Le 18 février, une note de service de la direction de la bibliothèque universitaire avertit son personnel que l'utilisation du réseau doit se cantonner à "un usage professionnel", comme le précise une charte interne. "Le CRI signale des utilisations contraires à l'esprit de cette charte", poursuivait la lettre. "Les techniciens du CRI surveillent ce qui se passe sur le réseau et sont en mesure d'identifier les micros qui dérogent à ces règles."

Renseignement pris à la Bibliothèque, cette note s'inspirait directement de la présidence de l'université. Car entre-temps, selon le témoignage de chercheurs dont le labo est associé à la fac, les responsables ont décidé de rendre le serveur proxy obligatoire pour se connecter sur le web, "pour des raisons de sécurité" bien-sûr.

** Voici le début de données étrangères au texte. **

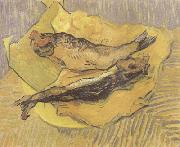 Vincent Van Gogh Crab on Its Back (nn04) oil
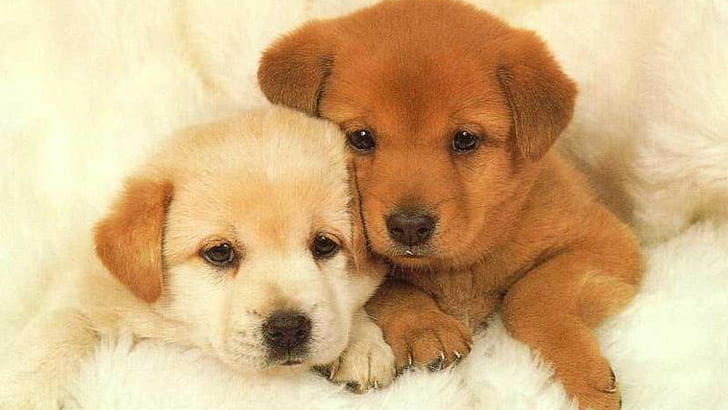 Animals, Dog, Lovely, Brothers, animals, dog, lovely, brothers, HD wallpaper
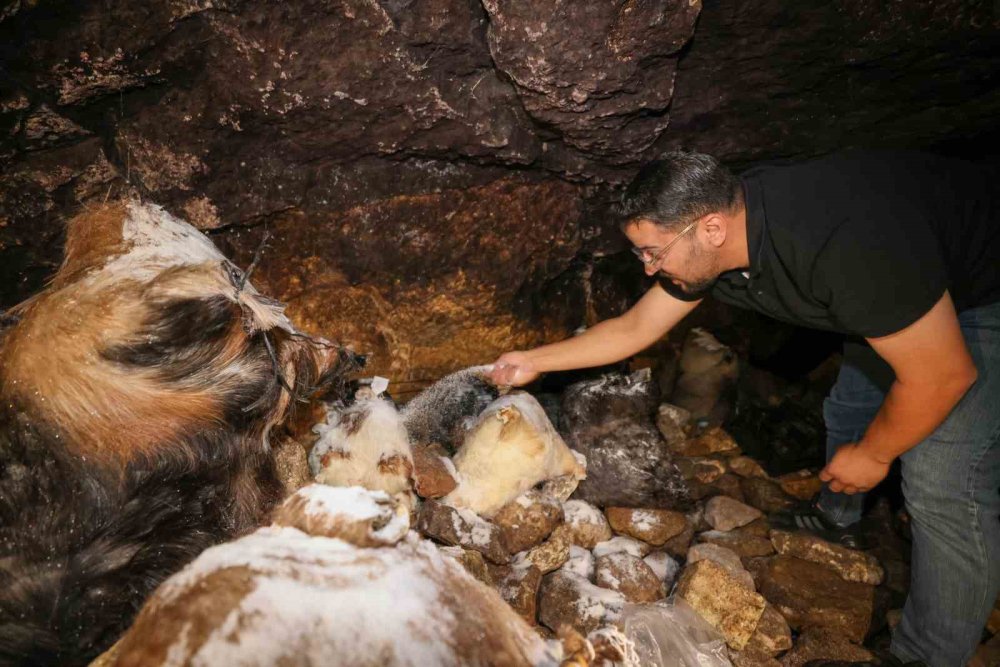 Konya'nın eşsiz lezzeti mağaran çıkmak için gün sayıyor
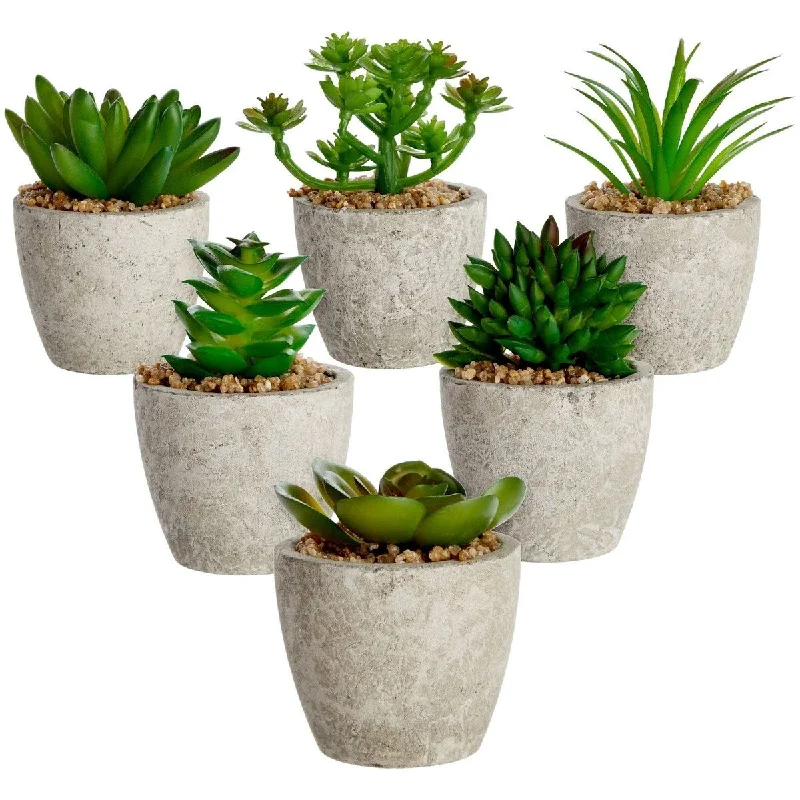 6-Pack Artificial Succulent Plant Pots Faux Mini Cactus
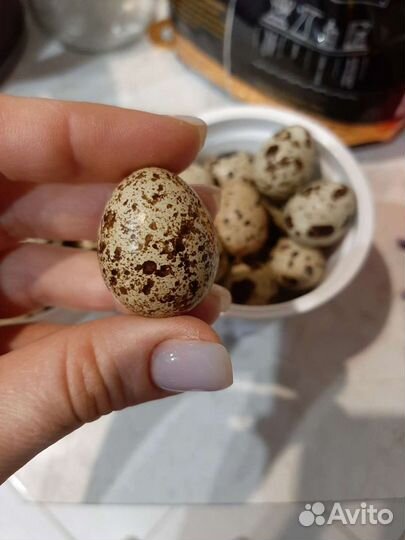 Яйца домашней птицы куриные, утиные, перепелиные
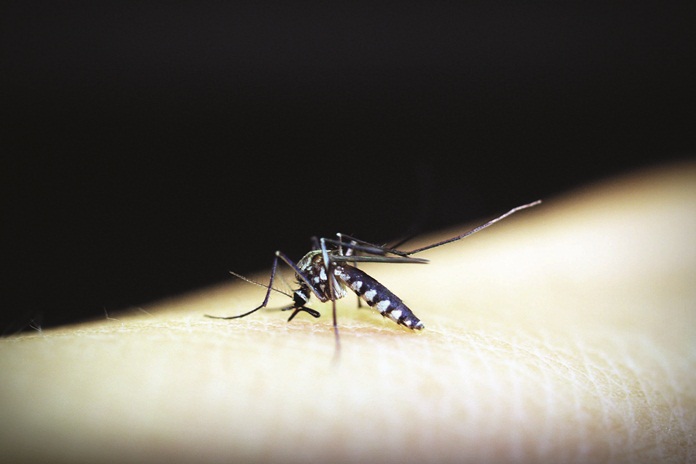 Mahasiswa UNAIR Rancang Malaiscope, Teknologi Cerdas untuk Percepat Deteksi Malaria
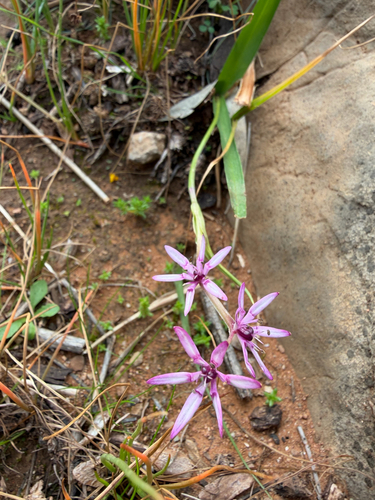 inland star lily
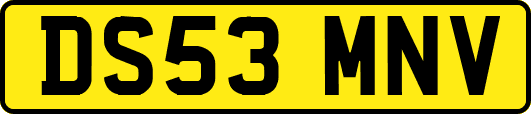 DS53MNV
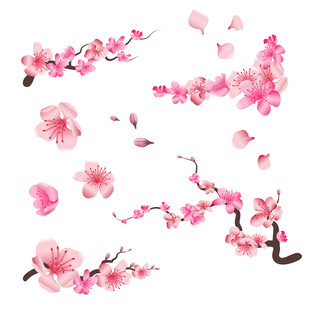 桃花树枝花瓣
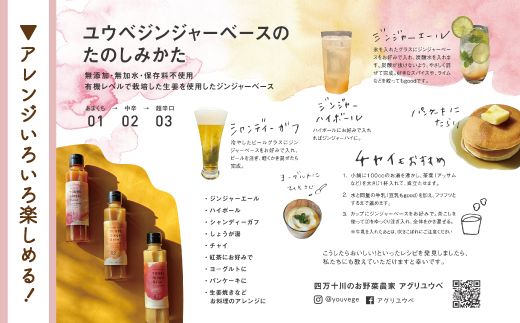 生姜好きさんにオススメ！ 濃厚 しょうがシロップ 2本セット【超辛口】国産 生姜シロップ 自家製 生姜 しょうが ショウガ ジンジャー シロップ アレンジ ドリンク 料理 調味料 高知 四万十 四万十市 しまんと 産地直送 25-758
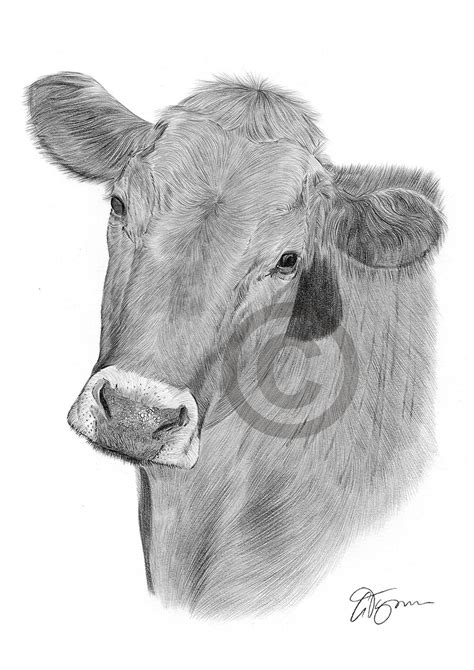 Cow Pencil Drawing Art Print A4a3 Signed Artwork By Uk Artist Ebay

Mais fin mars, le directeur du CRI, dans un email collectif, décidait de retarder la procédure. "Suite a un certain nombre de problèmes soulevés pour la mise en oeuvre du passage par le proxy WWW, écrit-il, nous allons retarder la date d'obligation de l'utilisation du proxy".

Et de poursuivre en menaçant les usagers dans un courrier particulièrement descriptif:

"Pourquoi il est nécessaire de mettre en oeuvre un proxy :

"1- Une meilleure gestion de la bande passante, le point de sortie de l'université vers le monde extérieur est de capacité limité et coûte très cher, tant a l'U qu'a la région qui en finance une partie. L'utilisation du cache permet de réduire d'environ 50% la charge du point de sortie. De plus les pages déjà consultées sont immédiatement disponible (temps de chargement réduit pour l'utilisateur).

"2- Les statistiques de l'utilisation du Web, montre qu'environ 25% des accès concernent des sites a caractère pornographique, donc en totale contradiction avec le caractère professionnel du réseau (chacun s'y est engage dans la charte de bon usage). Il est légitime que les financeurs (Université+Région+Ministère) s'interrogent sur l'utilisation du réseau.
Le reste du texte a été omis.